Data for analysis:
....

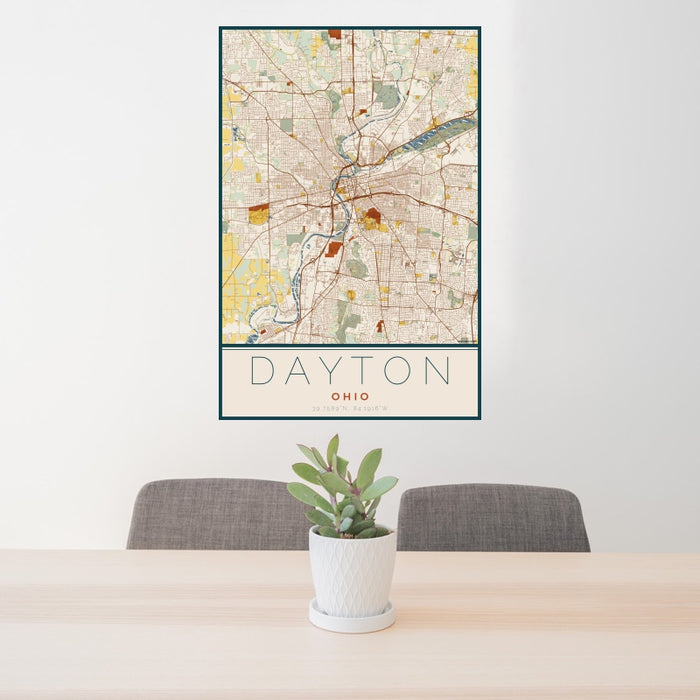 24x36 Dayton Ohio Map Print Portrait Orientation in Woodblock Style Behind 2 Chairs Table and Potted Plant
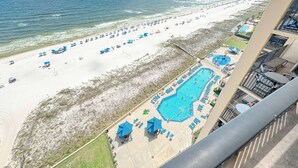 A beach view with a pool area, lounge chairs, and umbrellas. - LUXURY PHOENIX UNIT, GREAT FOR FAMILIES, TONS OF AMENTIES (Orange Beach)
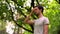 A young caucasian man stands in a park and puts a napkin to his head because of a headache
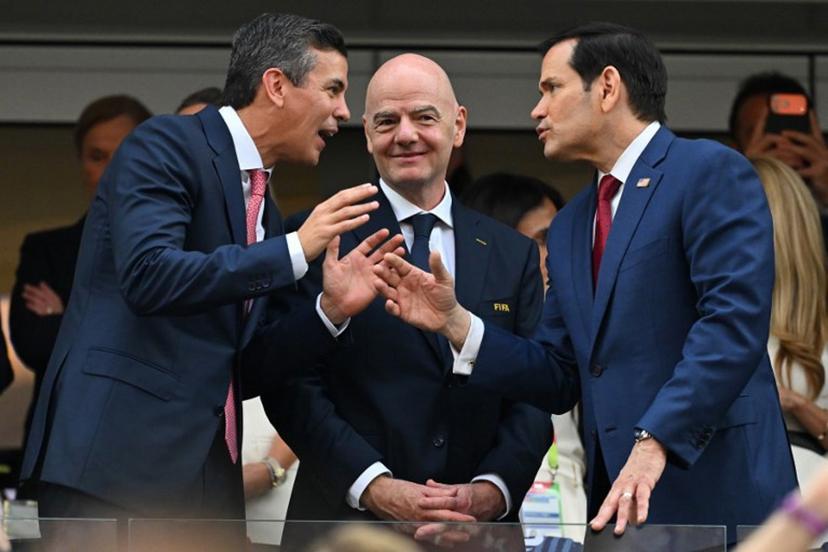 (L-R) Paraguayan President Santiago Pena, FIFA president Gianni Infantino, and US Secretary of State Marco Rubio talk ahead of the 2026 World Cup Group D football match between USA and Paraguay at the Los Angeles Stadium in Inglewood on June 12, 2026.  Patrick T. Fallon / AFP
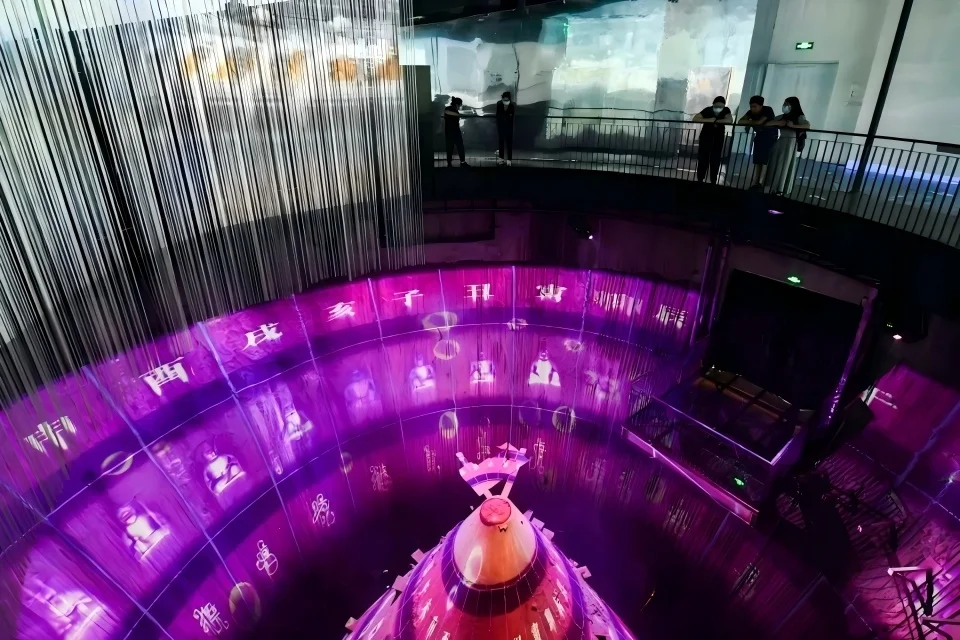 Interior view from above of a circular multi-level exhibition hall with projected light displays and visitors on an upper balcony by 清城睿现公司.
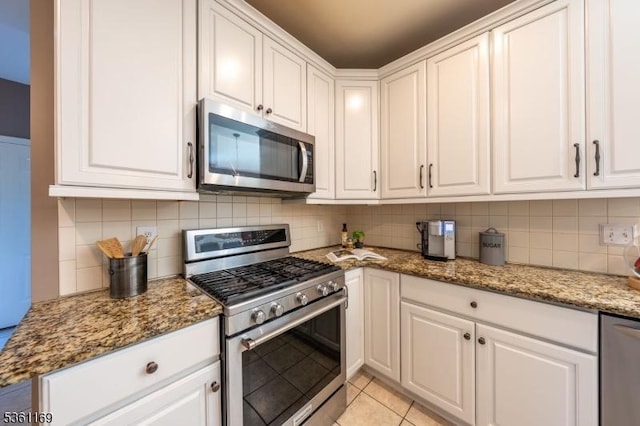 27 Horseshoe Dr, Hillsborough Twp, NJ 08844 - kitchen with appliances with stainless steel finishes, white cabinets, and backsplash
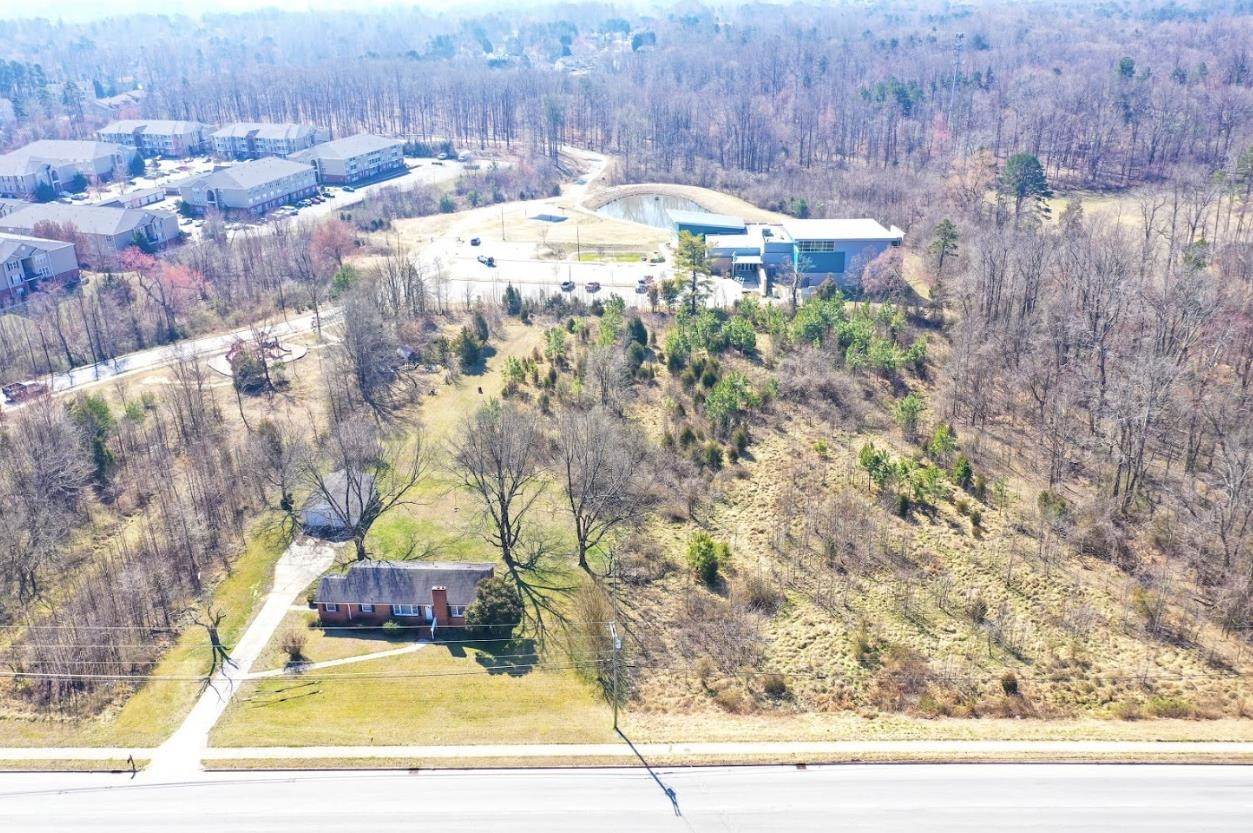 5309 Hilltop Road Greensboro, NC 27407 - Photo 4 of 8 a view of a yard with an outdoor space
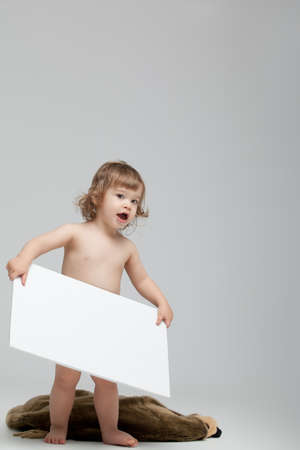 cute child with blanck board for advertising の写真素材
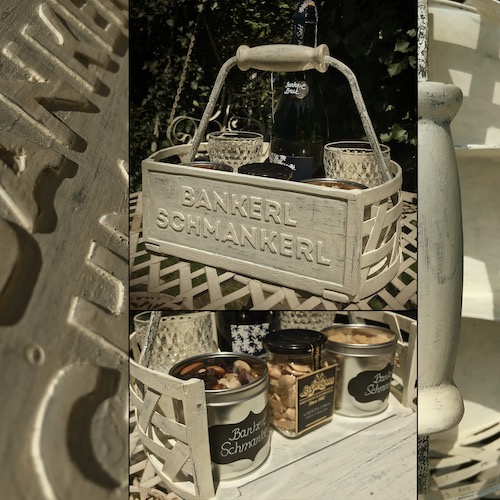 Weißer Holzkorb auf Gartentisch mit Snacks/Aperitif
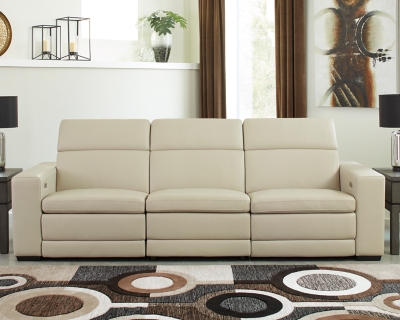 Truly putting high design into recline, the Texline sofa with genuine leather seating area proves that just because you’re a recliner doesn’t mean you have to look like one. Deceptively beautiful, its ultra clean-lined aesthetic is as cool and contemporary as they come. Low-profile back has a super swank look. When you need more support for your head and neck, the press of a button engages the Easy View™ power adjustable headrest, designed to let you lean back and still have a primo view of the TV. The zero wall design requires minimal space between wall and chair back, and indulgent pillow top seating gives an added layer of comfort.Includes 4 pieces: right-arm facing armless power recliner, left-arm facing armless power recliner, left-arm/right-arm facing power arm and armless chair | One-touch power control with adjustable positions, Easy View™ adjustable headrest and zero-draw USB plug-in | Zero-draw technology only consumes power when the USB receptacle is in use | Corner-blocked frame with metal reinforced seat | Attached back and seat cushions | Pillow top seats | High-resiliency foam cushions wrapped in thick poly fiber | Zero wall design requires minimal space between wall and chair back | Extended ottoman for enhanced comfort | Leather interior upholstery; vinyl/polyester exterior upholstery | Power cord included; UL Listed | Exposed feet with faux wood finish | Estimated Assembly Time: 75 Minutes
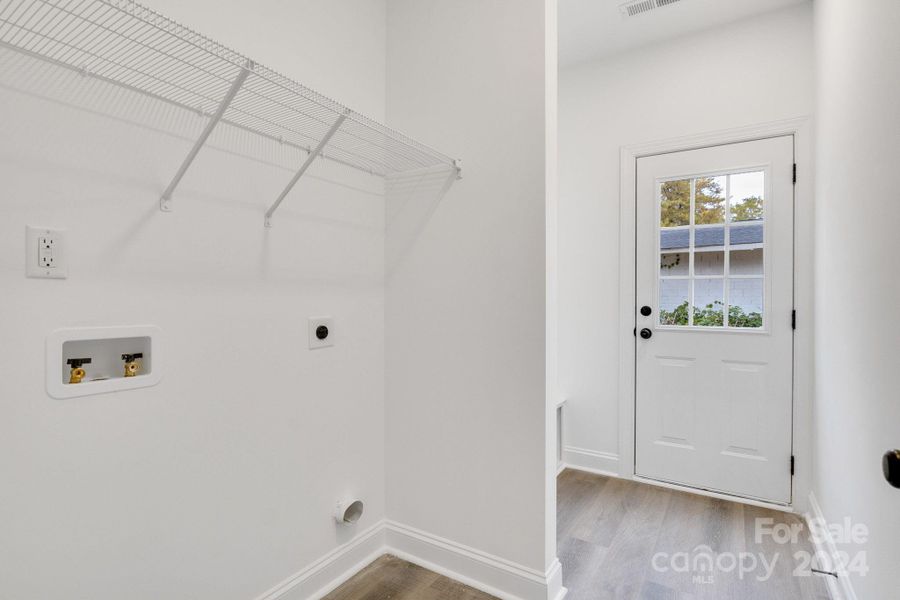 Back Door leading into Laundry and Mud Room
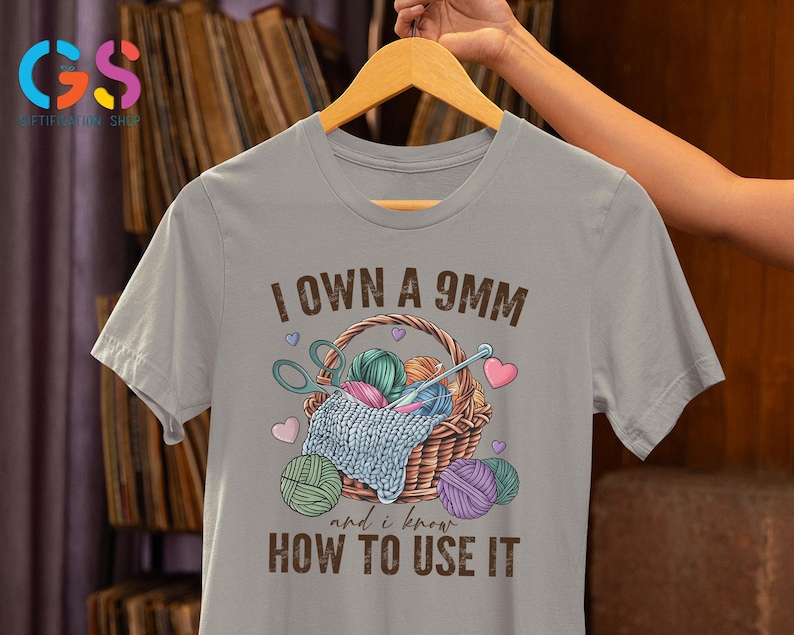 May include: Gray t-shirt with the text "I own a 9mm and I know how to use it". The shirt features a basket with yarn and knitting needles.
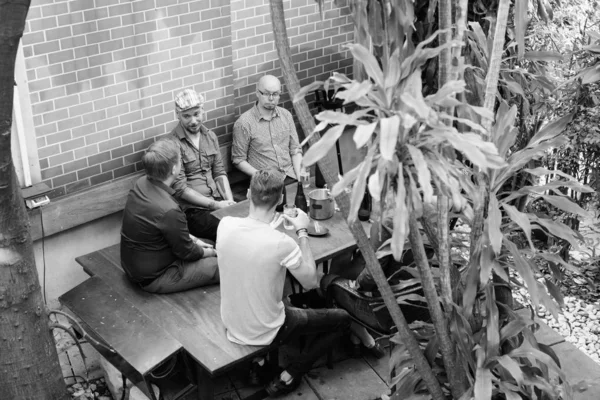 Group of men hanging out and relaxing together in the backyard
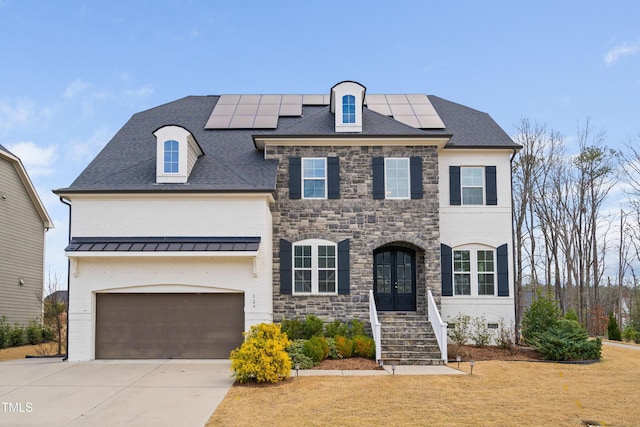 french provincial home featuring solar panels, concrete driveway, french doors, a garage, and brick siding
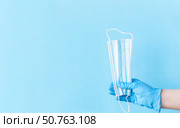 Human hand wear blue nitrile disposable glove holding raised up face mask above light blue background. Safety first concept. Стоковое фото, фотограф Акимова Надежда / Фотобанк Лори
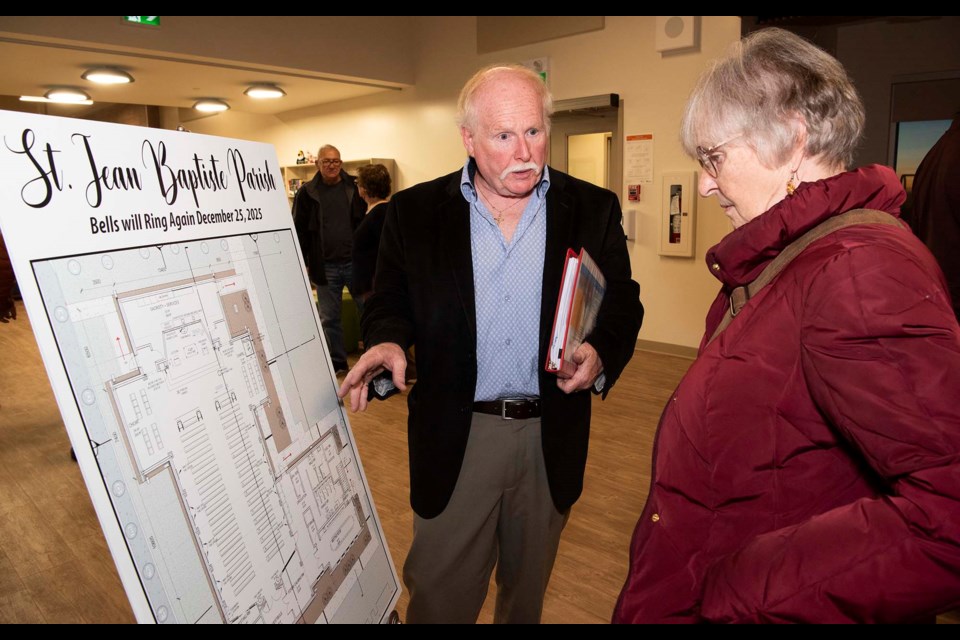 HERE’S THE PLAN — Ron Cust, chair of the St. Jean Baptiste Church building committee, explains the plans for the replacement church to Morinville resident Denise Touchette (in red) at an open house held at the St. Kateri Tekakwitha Academy in Morinville on Nov. 30, 2023. Construction on the new church was set to begin May 21, 2024. KEVIN MA/St. Albert Gazette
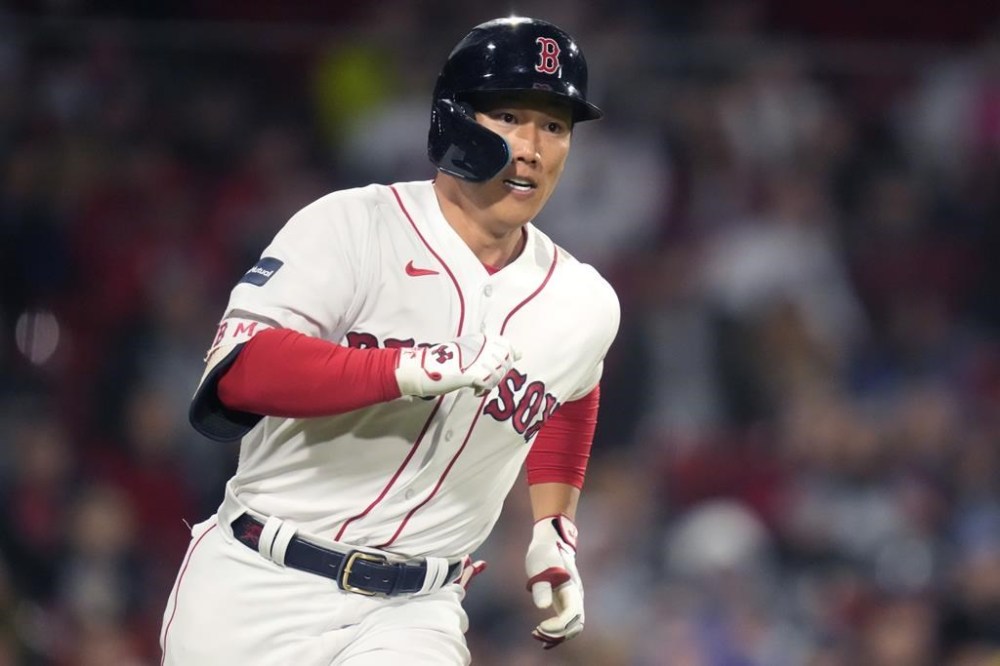 Boston Red Sox's Masataka Yoshida dashes down the first base line on a double during the sixth inning of the team's baseball game against the Tampa Bay Rays at Fenway Park, Tuesday, Sept. 26, 2023, in Boston. (AP Photo/Charles Krupa)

....

Task instructions:
Copy the data above line for line, skipping every picture.

Task answer:
 24x36 Dayton Ohio Map Print Portrait Orientation in Woodblock Style Behind 2 Chairs Table and Potted Plant
 A beach view with a pool area, lounge chairs, and umbrellas. - LUXURY PHOENIX UNIT, GREAT FOR FAMILIES, TONS OF AMENTIES (Orange Beach)
 A young caucasian man stands in a park and puts a napkin to his head because of a headache
 (L-R) Paraguayan President Santiago Pena, FIFA president Gianni Infantino, and US Secretary of State Marco Rubio talk ahead of the 2026 World Cup Group D football match between USA and Paraguay at the Los Angeles Stadium in Inglewood on June 12, 2026.  Patrick T. Fallon / AFP
 Interior view from above of a circular multi-level exhibition hall with projected light displays and visitors on an upper balcony by 清城睿现公司.
 27 Horseshoe Dr, Hillsborough Twp, NJ 08844 - kitchen with appliances with stainless steel finishes, white cabinets, and backsplash
 5309 Hilltop Road Greensboro, NC 27407 - Photo 4 of 8 a view of a yard with an outdoor space
 cute child with blanck board for advertising の写真素材
 Weißer Holzkorb auf Gartentisch mit Snacks/Aperitif
 Truly putting high design into recline, the Texline sofa with genuine leather seating area proves that just because you’re a recliner doesn’t mean you have to look like one. Deceptively beautiful, its ultra clean-lined aesthetic is as cool and contemporary as they come. Low-profile back has a super swank look. When you need more support for your head and neck, the press of a button engages the Easy View™ power adjustable headrest, designed to let you lean back and still have a primo view of the TV. The zero wall design requires minimal space between wall and chair back, and indulgent pillow top seating gives an added layer of comfort.Includes 4 pieces: right-arm facing armless power recliner, left-arm facing armless power recliner, left-arm/right-arm facing power arm and armless chair | One-touch power control with adjustable positions, Easy View™ adjustable headrest and zero-draw USB plug-in | Zero-draw technology only consumes power when the USB receptacle is in use | Corner-blocked frame with metal reinforced seat | Attached back and seat cushions | Pillow top seats | High-resiliency foam cushions wrapped in thick poly fiber | Zero wall design requires minimal space between wall and chair back | Extended ottoman for enhanced comfort | Leather interior upholstery; vinyl/polyester exterior upholstery | Power cord included; UL Listed | Exposed feet with faux wood finish | Estimated Assembly Time: 75 Minutes
 Back Door leading into Laundry and Mud Room
 May include: Gray t-shirt with the text "I own a 9mm and I know how to use it". The shirt features a basket with yarn and knitting needles.
 Group of men hanging out and relaxing together in the backyard
 french provincial home featuring solar panels, concrete driveway, french doors, a garage, and brick siding
 Human hand wear blue nitrile disposable glove holding raised up face mask above light blue background. Safety first concept. Стоковое фото, фотограф Акимова Надежда / Фотобанк Лори
 HERE’S THE PLAN — Ron Cust, chair of the St. Jean Baptiste Church building committee, explains the plans for the replacement church to Morinville resident Denise Touchette (in red) at an open house held at the St. Kateri Tekakwitha Academy in Morinville on Nov. 30, 2023. Construction on the new church was set to begin May 21, 2024. KEVIN MA/St. Albert Gazette
 Boston Red Sox's Masataka Yoshida dashes down the first base line on a double during the sixth inning of the team's baseball game against the Tampa Bay Rays at Fenway Park, Tuesday, Sept. 26, 2023, in Boston. (AP Photo/Charles Krupa)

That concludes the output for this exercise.